La Princesse de Clèves – Madame de Lafayette

Premier roman français moderne, voire roman psychologique : l’auteure écrit sur la psychologie des personnages, elle analyse leurs sentiments, ce qui est assez nouveau dans la France du XVIIème siècle.

Dans ce passage, la mère (Mme de Chartres) est malade et craignant sa mort prochaine, elle veut donner des conseils à sa fille (Madame de Clèves). 

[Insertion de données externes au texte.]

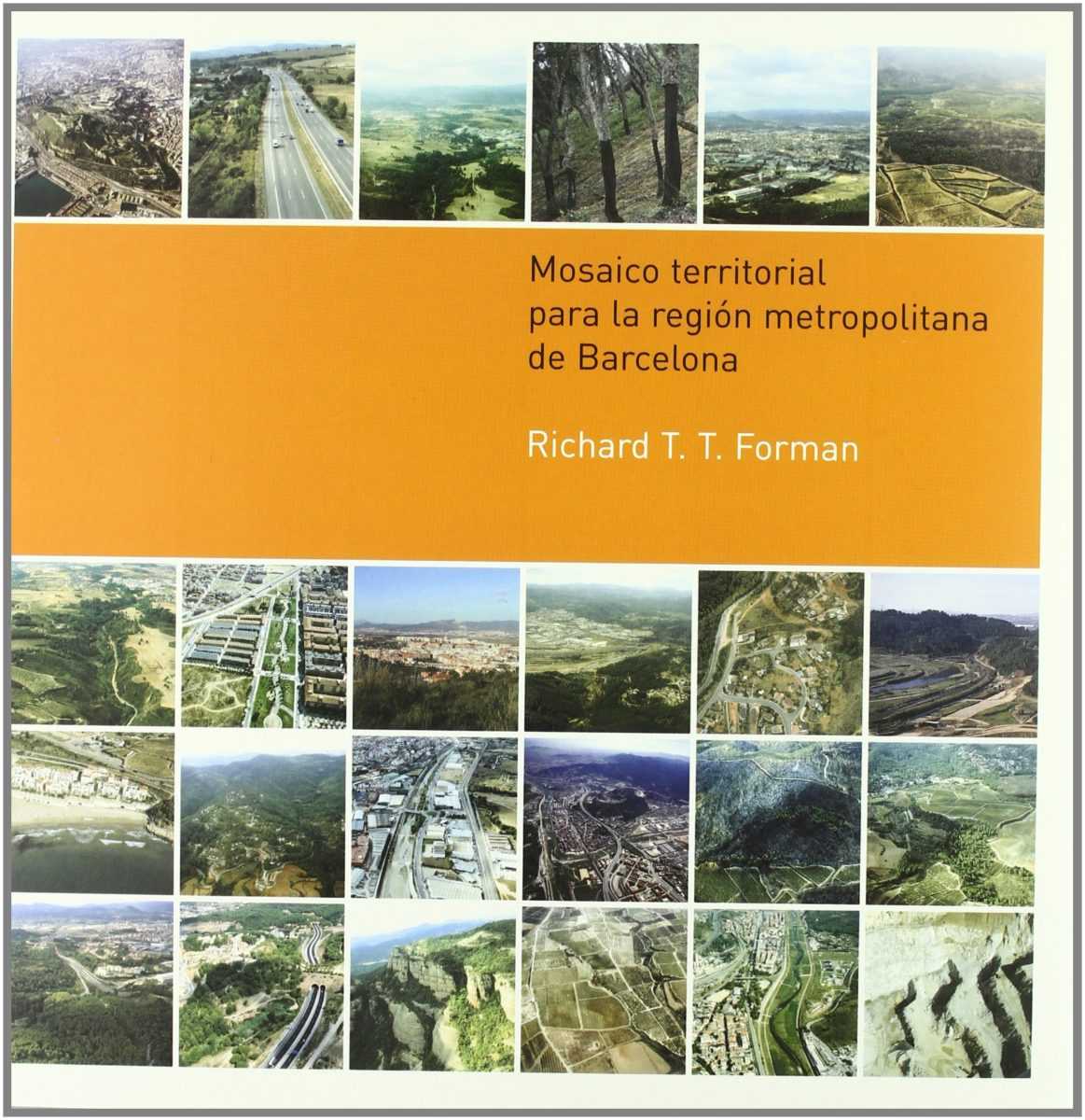 Participació en la publicació: Mosaic territorial per a la regió metropolitana de Barcelona: Publicació
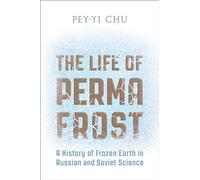 The Life of Permafrost: A History of Frozen Earth in Russian and Soviet Science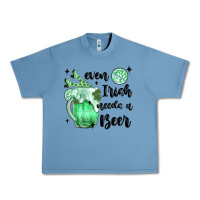 Pebble Blue even ırısh needs a beer Urban Heavy Tee - MaliasSmallBusiness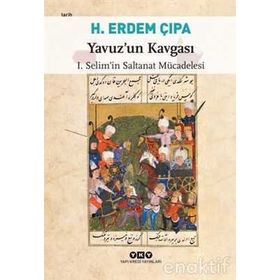 YAVUZ'UN KAVGASI I. SELIM'IN SALTANAT MÜCADELESI - H. ERDEM ÇIPA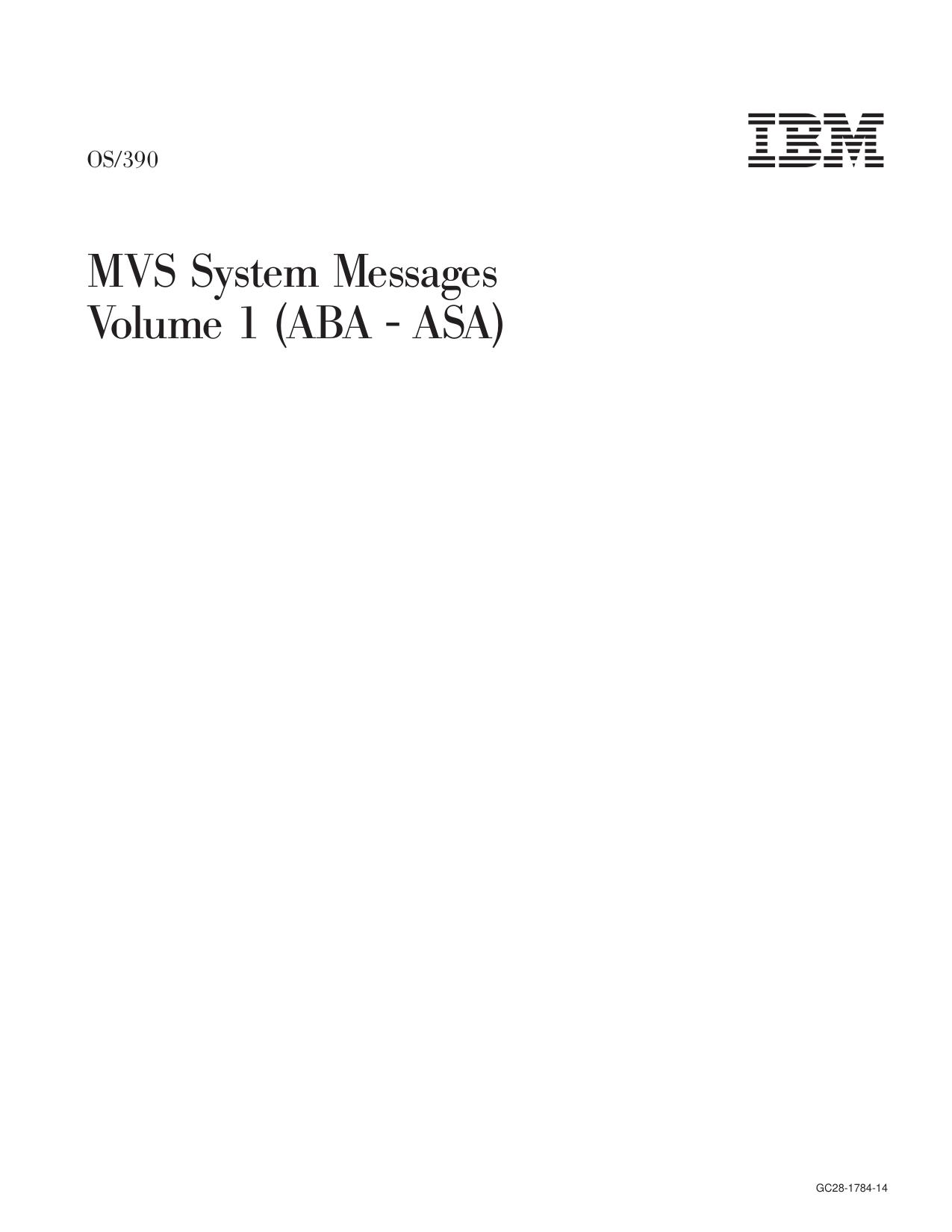 OS/390 V2R10.0 MVS System Messages, Vol 1 (ABA-ASA)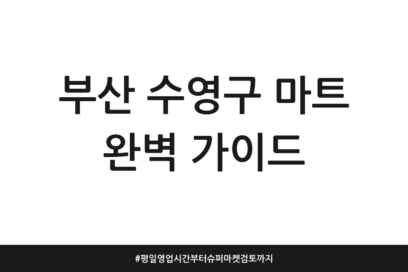 부산 수영구 마트 완벽 가이드 | 평일 영업시간부터 슈퍼마켓 검토까지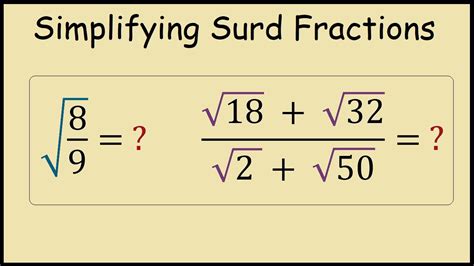 Simplifying Surd Fractions YouTube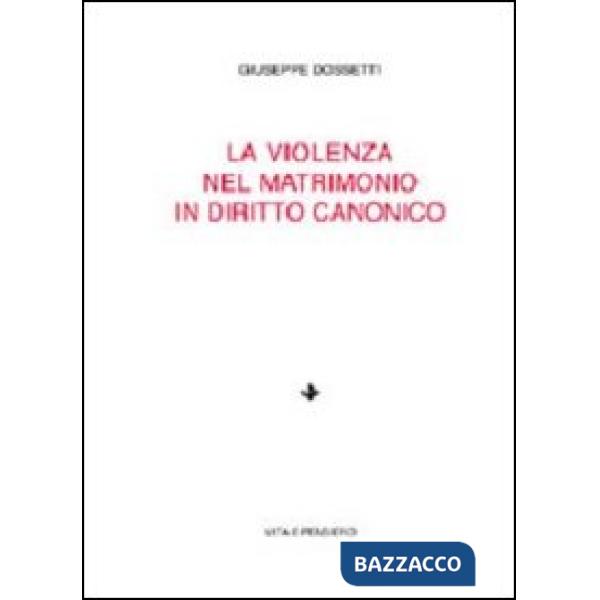 Violenza nel matrimonio in diritto canonico (La)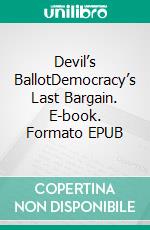 Devil’s BallotDemocracy’s Last Bargain. E-book. Formato EPUB ebook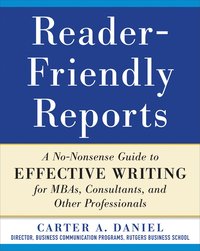 bokomslag Reader-Friendly Reports: A No-nonsense Guide to Effective Writing for MBAs, Consultants, and Other Professionals
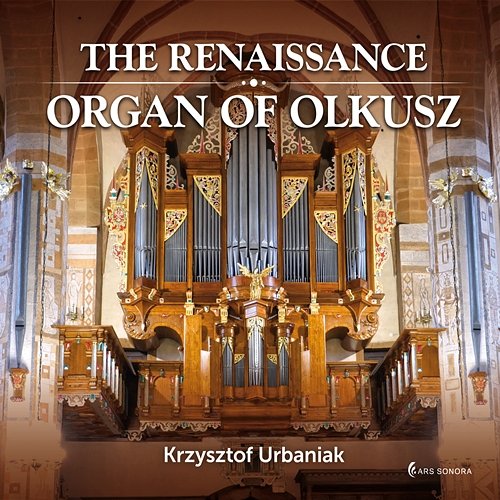 The Renaissance Organ Of Olkusz Krzysztof Urbaniak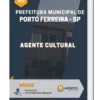 Apostila Agente Cultural Pref Municipal de Porto Ferreira SP 2023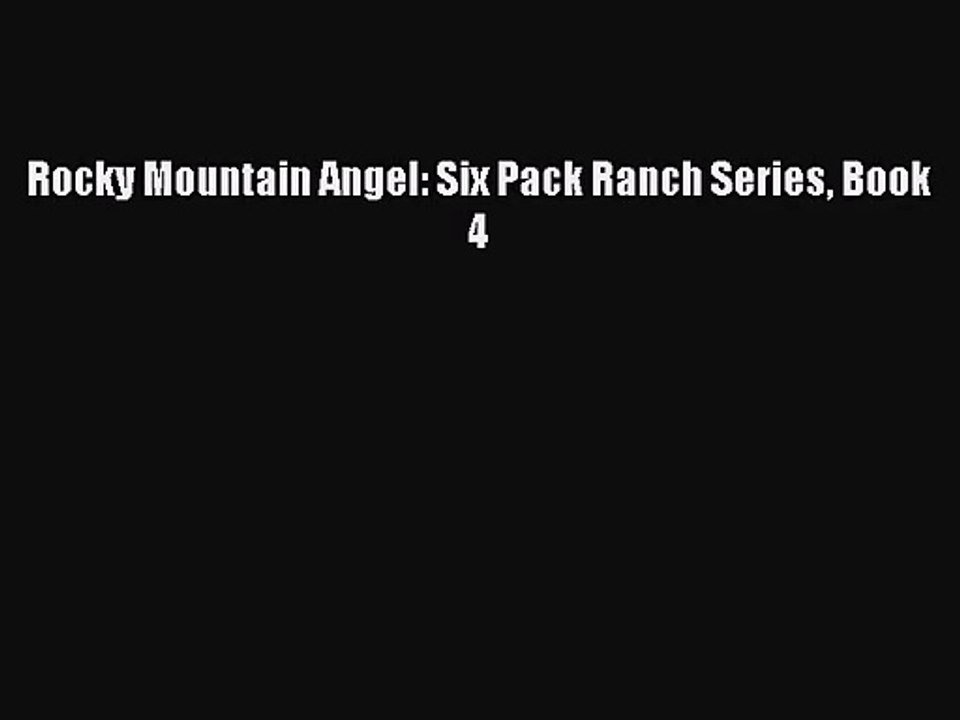 [PDF Download] Rocky Mountain Angel: Six Pack Ranch Series Book 4 [PDF] Full Ebook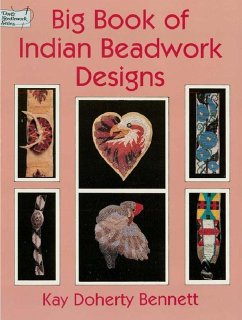 Big Book of Indian Beadwork Designs (eBook, ePUB) - Bennett, Kay Doherty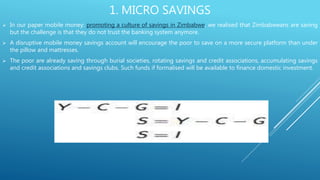 1. MICRO SAVINGS
 In our paper mobile money: promoting a culture of savings in Zimbabwe, we realised that Zimbabweans are saving
but the challenge is that they do not trust the banking system anymore.
 A disruptive mobile money savings account will encourage the poor to save on a more secure platform than under
the pillow and mattresses.
 The poor are already saving through burial societies, rotating savings and credit associations, accumulating savings
and credit associations and savings clubs. Such funds if formalised will be available to finance domestic investment.
 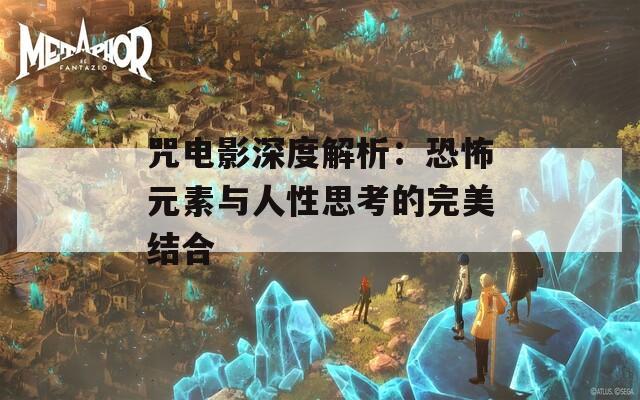 咒电影深度解析：恐怖元素与人性思考的完美结合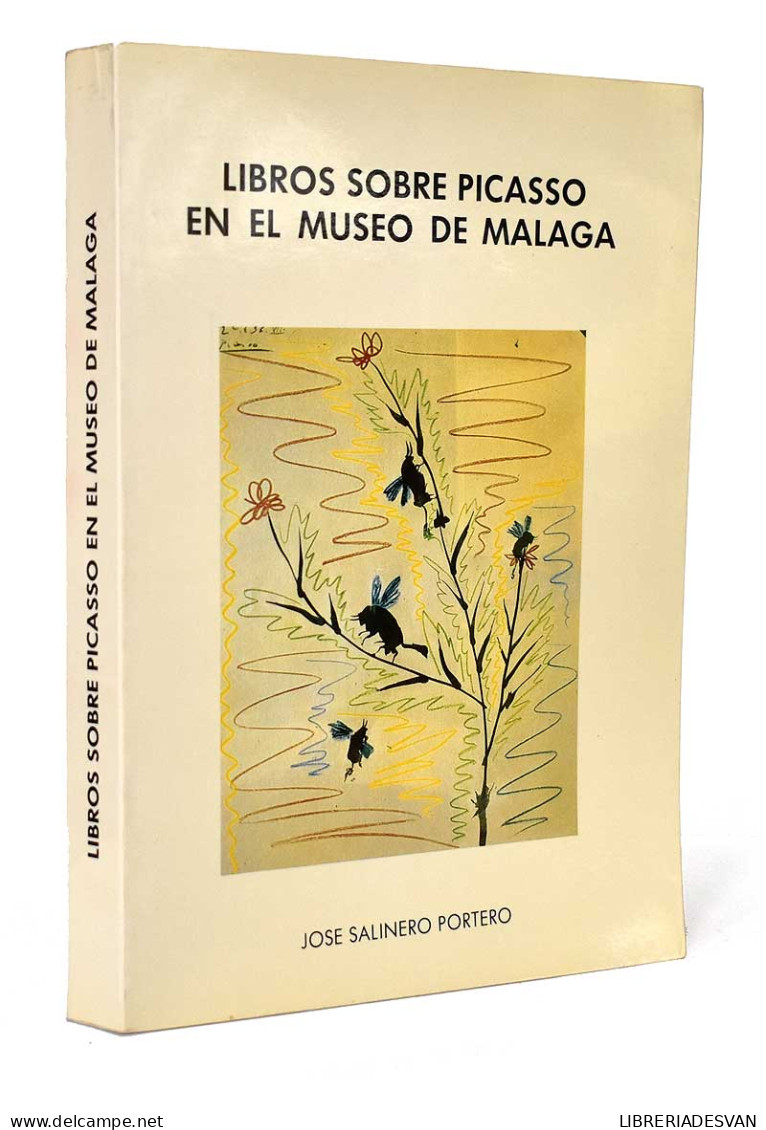 Libros Sobre Picasso En El Museo De Málaga. El Legado Jaime Sabartes - José Salinero Portero - Kunst, Vrije Tijd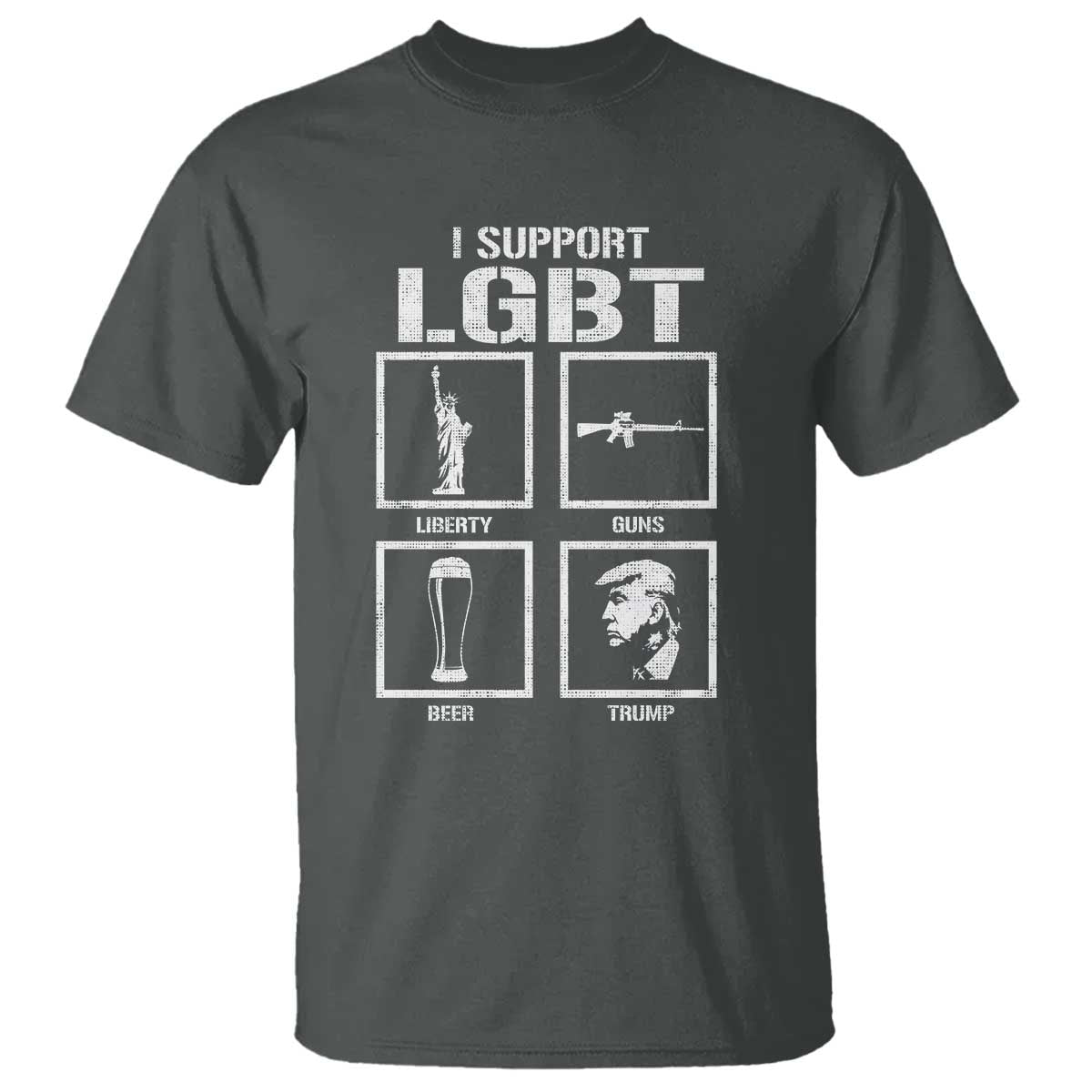 I Support LGBT Liberty Guns Beer Trump T Shirt Funny Patriotic Parody Graphic TS12 Dark Heather Print Your Wear
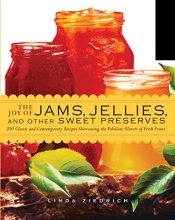 Cover art for The Joy of Jams, Jellies, and Other Sweet Preserves: 200 Classic and Contemporary Recipes Showcasing the Fabulous Flavors of Fresh Fruits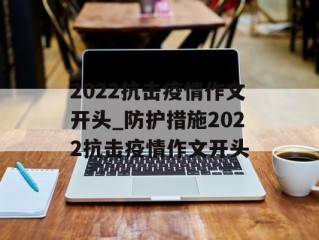 2022抗击疫情作文开头_防护措施2022抗击疫情作文开头
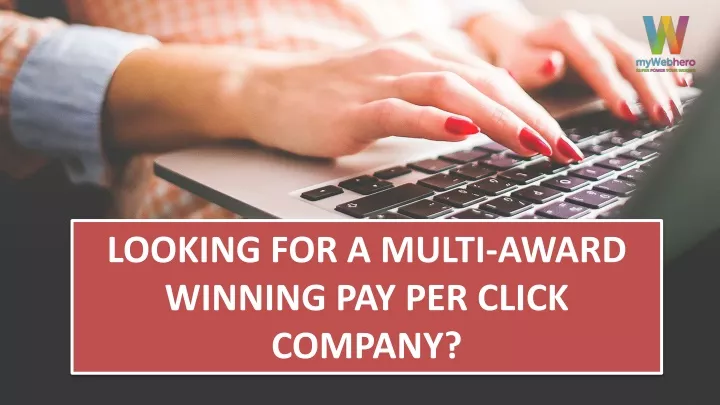 looking for a multi award winning pay per click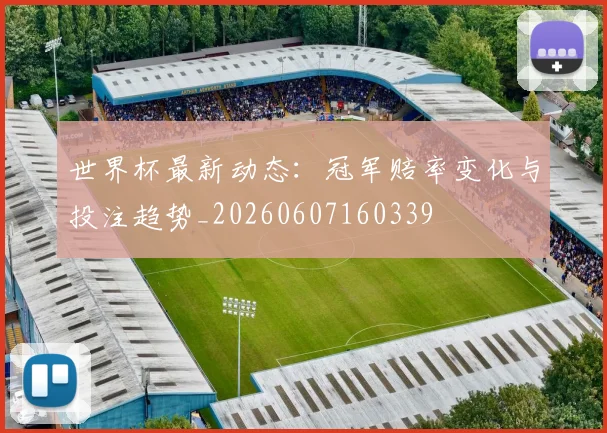 世界杯最新动态：冠军赔率变化与投注趋势_20260607160339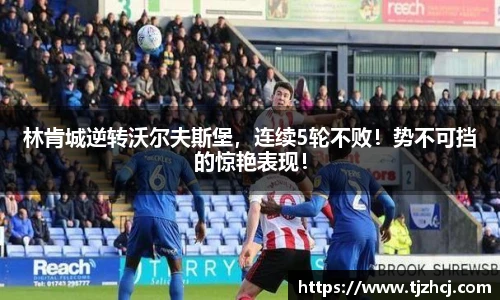 林肯城逆转沃尔夫斯堡，连续5轮不败！势不可挡的惊艳表现！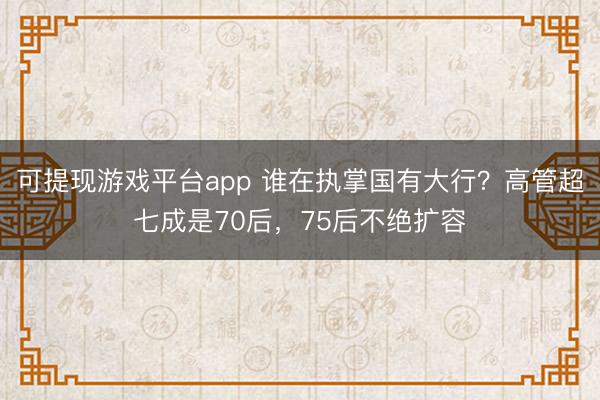 可提现游戏平台app 谁在执掌国有大行?高管超七成是70后,75后不绝扩容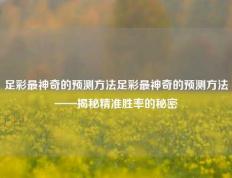 足彩最神奇的预测方法足彩最神奇的预测方法——揭秘精准胜率的秘密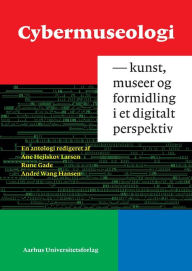 Title: Cybermuseologi: Kunst, museer og formidling i et digitalt perspektiv, Author: Rune Gade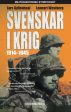 Svenskar i krig 1914-1945 Hot on Sale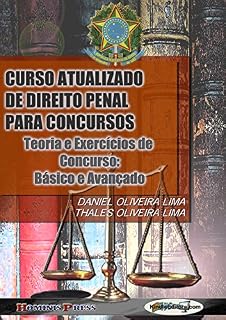 Livro CURSO ATUALIZADO DE DIREITO PENAL PARA CONCURSOS: TEORIA E EXERCÍCIOS DE CONCURSO: Básico e Avançado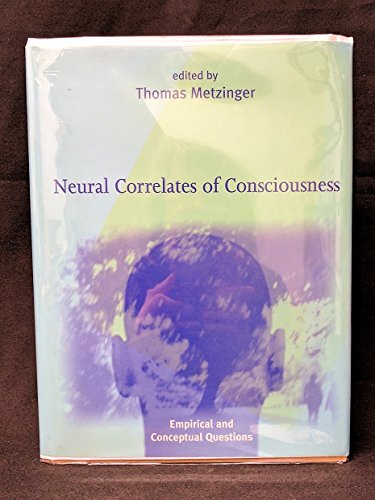 9780262133708: Neural Correlates of Consciousness: Empirical and Conceptual Questions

– Il faut nous quitter, ma fille, lui dit-elle en lui tendant la main ; le péril où je vous laisse et le besoin que vous avez de moi augmentent le déplaisir que j’ai de vous quitter. Vous avez de l’inclination pour M. de Nemours ; je ne vous demande point de me l’avouer : je ne suis plus en état de me servir de votre sincérité pour vous conduire. Il y a déjà longtemps que je me suis aperçue de cette inclination ; mais je ne vous en ai pas voulu parler d’abord, de peur de vous en faire apercevoir vous-même. Vous ne la connaissez que trop présentement, vous êtes sur le bord du précipice : il faut de grands efforts et de grandes violences pour vous retenir. Songez ce que vous devez à votre mari, songez ce que vous vous devez à vous-même, et pensez que vous allez perdre cette réputation que vous vous êtes acquise, et que je vous ai tant souhaitée. Ayez de la force et du courage, ma fille ; retirez-vous de la cour, obligez votre mari de vous emmener ; ne craignez pas de prendre des partis trop rudes ou trop difficiles : quelque affreux qu’ils vous paraissent d’abord, ils seront plus doux dans la suite que les malheurs d’une galanterie. Si d’autres raisons que celles de la vertu et de votre devoir vous pouvaient obliger à ce que je souhaite, je vous dirais que, si quelque chose était capable de troubler le bonheur que j’espère en sortant de ce monde, ce serait de vous voir tomber comme les autres femmes ; mais si ce malheur doit vous arriver, je reçois la mort avec joie, pour n’en être pas le témoin.
Mme de Clèves fondait en larmes sur la main de sa mère, qu’elle tenait serrée entre les siennes, et Mme de Chartres, se sentant touchée elle-même :
– Adieu, ma fille, lui dit-elle, finissons une conversation qui nous attendrit trop l’une et l’autre, et souvenez-vous, si vous pouvez, de tout ce que je viens de vous dire.
Elle se tourna de l’autre côté en achevant ces paroles, et commanda à sa fille d’appeler ses femmes, sans vouloir l’écouter, ni parler davantage. Mme de Clèves sortit de la chambre de sa mère en l’état que l’on peut s’imaginer…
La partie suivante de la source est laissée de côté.